• **Provided records**
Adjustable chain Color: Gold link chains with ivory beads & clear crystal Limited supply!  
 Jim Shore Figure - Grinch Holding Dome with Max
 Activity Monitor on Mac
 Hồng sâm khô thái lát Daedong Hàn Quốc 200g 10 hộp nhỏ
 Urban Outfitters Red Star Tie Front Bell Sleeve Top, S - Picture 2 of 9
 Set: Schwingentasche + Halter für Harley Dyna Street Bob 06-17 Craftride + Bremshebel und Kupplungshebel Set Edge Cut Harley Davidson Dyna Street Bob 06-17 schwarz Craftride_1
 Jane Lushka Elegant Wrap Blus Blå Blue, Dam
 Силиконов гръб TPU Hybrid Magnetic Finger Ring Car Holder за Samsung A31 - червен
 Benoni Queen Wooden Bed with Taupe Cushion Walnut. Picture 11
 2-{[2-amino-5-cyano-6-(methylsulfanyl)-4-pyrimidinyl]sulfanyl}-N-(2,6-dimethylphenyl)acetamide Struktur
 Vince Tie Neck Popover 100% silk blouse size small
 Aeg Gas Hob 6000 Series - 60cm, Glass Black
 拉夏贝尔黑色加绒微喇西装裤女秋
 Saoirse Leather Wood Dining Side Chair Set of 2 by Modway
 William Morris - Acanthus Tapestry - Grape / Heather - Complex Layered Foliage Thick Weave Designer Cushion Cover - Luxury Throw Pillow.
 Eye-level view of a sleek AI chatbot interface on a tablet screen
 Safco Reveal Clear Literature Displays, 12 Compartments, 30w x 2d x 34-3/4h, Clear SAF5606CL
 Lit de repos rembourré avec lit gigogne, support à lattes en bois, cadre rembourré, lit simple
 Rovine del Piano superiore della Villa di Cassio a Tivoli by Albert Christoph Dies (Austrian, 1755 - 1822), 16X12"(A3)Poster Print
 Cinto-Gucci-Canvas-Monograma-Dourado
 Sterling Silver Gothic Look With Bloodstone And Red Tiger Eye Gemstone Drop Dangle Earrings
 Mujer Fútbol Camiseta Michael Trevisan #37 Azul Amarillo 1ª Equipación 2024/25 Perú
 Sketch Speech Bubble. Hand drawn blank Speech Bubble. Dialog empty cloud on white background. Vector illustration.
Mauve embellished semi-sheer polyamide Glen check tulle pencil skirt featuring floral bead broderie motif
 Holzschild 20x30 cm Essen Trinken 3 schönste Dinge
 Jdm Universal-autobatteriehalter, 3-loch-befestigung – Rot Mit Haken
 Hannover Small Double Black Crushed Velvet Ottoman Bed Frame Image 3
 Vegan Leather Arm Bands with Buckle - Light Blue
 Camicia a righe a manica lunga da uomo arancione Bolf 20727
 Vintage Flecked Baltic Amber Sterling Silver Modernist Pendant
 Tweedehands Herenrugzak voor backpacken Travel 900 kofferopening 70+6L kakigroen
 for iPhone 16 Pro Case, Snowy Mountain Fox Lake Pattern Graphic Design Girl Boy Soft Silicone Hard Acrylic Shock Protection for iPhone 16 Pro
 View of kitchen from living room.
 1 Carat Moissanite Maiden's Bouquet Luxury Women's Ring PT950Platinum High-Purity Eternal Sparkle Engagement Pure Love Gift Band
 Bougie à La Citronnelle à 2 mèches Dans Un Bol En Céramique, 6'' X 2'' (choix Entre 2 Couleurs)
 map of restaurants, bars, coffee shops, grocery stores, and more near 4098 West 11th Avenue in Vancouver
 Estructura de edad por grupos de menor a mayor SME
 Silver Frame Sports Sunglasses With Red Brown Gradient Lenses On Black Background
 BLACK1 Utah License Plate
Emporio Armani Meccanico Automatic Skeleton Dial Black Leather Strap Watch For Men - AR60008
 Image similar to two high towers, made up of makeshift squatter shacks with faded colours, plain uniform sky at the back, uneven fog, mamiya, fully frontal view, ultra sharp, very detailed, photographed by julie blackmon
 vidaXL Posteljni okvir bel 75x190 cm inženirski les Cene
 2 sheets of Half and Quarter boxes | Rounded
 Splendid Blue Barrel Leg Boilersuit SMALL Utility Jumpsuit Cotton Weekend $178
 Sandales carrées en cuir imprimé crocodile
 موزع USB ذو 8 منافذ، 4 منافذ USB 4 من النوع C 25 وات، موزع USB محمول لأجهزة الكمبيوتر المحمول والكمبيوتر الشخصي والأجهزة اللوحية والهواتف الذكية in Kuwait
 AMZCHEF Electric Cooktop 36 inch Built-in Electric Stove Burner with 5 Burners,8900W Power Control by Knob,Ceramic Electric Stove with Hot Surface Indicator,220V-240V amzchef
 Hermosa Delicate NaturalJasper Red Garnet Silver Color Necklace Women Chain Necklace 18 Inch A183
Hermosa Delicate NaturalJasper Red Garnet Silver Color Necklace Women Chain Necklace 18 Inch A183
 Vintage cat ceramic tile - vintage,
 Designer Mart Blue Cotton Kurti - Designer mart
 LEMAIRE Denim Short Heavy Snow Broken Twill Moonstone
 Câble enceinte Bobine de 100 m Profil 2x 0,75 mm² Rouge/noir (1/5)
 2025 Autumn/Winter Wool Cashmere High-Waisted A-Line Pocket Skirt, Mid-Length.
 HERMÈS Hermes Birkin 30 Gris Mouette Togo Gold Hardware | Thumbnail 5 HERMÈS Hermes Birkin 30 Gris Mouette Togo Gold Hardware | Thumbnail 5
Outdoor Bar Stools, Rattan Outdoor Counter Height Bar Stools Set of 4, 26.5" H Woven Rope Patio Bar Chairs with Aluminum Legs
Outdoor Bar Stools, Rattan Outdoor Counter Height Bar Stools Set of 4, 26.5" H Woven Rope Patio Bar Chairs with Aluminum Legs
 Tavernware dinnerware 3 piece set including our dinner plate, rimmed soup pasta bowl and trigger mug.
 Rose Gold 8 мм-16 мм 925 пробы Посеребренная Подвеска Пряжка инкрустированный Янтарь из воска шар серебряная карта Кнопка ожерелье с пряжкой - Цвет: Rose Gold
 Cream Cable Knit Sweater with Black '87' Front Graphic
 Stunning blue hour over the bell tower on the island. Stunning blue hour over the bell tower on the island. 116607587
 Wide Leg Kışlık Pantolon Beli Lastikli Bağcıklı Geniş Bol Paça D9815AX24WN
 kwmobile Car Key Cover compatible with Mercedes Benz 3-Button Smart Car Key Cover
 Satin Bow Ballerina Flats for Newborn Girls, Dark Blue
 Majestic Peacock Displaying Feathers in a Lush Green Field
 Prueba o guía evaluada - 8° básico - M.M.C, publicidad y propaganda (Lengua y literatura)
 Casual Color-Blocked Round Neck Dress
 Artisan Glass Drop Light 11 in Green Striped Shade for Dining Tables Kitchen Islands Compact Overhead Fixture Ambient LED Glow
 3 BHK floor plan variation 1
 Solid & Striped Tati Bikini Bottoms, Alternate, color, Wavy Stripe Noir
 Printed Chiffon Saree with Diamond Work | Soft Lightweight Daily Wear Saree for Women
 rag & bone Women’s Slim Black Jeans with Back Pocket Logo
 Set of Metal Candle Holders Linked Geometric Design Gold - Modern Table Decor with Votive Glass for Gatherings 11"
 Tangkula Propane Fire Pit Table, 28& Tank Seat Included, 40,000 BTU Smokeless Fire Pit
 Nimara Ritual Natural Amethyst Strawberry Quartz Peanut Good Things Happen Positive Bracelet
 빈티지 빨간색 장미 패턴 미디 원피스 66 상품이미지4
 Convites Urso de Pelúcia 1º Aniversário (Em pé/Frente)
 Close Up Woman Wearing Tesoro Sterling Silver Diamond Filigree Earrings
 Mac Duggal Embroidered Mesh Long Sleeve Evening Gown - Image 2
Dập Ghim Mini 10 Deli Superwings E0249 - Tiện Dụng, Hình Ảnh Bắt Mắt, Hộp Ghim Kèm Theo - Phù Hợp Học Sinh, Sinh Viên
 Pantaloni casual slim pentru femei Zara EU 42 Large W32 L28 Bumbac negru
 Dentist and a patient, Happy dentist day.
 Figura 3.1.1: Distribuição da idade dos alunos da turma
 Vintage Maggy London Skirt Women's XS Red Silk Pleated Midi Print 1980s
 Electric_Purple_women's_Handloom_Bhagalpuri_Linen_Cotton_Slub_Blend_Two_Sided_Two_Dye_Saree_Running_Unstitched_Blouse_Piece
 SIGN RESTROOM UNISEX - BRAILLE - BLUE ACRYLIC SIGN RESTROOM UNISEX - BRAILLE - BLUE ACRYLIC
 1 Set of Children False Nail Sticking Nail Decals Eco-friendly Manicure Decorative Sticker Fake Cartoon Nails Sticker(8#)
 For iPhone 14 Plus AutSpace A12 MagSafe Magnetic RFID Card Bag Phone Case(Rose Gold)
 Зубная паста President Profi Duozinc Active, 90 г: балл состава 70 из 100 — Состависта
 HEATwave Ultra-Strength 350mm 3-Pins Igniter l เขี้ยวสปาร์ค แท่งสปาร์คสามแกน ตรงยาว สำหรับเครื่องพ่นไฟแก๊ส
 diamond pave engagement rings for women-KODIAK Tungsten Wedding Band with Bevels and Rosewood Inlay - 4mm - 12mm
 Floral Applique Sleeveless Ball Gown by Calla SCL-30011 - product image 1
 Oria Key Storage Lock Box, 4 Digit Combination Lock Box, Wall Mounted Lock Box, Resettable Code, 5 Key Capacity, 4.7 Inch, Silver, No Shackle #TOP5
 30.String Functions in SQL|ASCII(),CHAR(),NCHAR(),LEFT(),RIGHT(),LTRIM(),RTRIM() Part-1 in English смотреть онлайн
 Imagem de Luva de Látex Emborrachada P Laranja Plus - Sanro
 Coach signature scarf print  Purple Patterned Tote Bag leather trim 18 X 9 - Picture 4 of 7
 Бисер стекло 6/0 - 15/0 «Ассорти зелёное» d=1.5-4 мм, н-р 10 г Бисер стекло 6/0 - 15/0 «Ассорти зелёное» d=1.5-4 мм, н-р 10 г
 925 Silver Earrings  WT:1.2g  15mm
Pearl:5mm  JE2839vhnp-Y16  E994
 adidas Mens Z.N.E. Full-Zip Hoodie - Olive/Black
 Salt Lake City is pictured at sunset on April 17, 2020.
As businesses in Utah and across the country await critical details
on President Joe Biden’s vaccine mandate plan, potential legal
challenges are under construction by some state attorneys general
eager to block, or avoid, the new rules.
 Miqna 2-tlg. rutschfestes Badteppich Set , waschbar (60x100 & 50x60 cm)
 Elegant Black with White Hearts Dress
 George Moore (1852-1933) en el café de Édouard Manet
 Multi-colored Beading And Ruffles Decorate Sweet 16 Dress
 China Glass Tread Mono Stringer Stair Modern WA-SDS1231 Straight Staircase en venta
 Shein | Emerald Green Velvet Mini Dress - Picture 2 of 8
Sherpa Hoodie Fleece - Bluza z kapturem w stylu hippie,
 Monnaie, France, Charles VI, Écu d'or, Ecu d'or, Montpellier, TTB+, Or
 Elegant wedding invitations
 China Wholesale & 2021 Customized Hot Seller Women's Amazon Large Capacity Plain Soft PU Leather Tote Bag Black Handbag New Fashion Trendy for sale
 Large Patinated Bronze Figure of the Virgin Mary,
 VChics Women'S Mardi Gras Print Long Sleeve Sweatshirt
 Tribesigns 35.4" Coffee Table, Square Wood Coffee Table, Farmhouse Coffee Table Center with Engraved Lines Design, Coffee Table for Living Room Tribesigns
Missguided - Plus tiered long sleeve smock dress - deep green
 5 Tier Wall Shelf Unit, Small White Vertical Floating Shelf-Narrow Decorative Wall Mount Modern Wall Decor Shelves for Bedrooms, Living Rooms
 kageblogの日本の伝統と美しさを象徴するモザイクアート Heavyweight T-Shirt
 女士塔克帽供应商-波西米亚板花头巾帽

• **About this task**
Scan the material above for the string "Velvet". Return each line where it occurs.

• **Exercise output**
 Hannover Small Double Black Crushed Velvet Ottoman Bed Frame Image 3
 Shein | Emerald Green Velvet Mini Dress - Picture 2 of 8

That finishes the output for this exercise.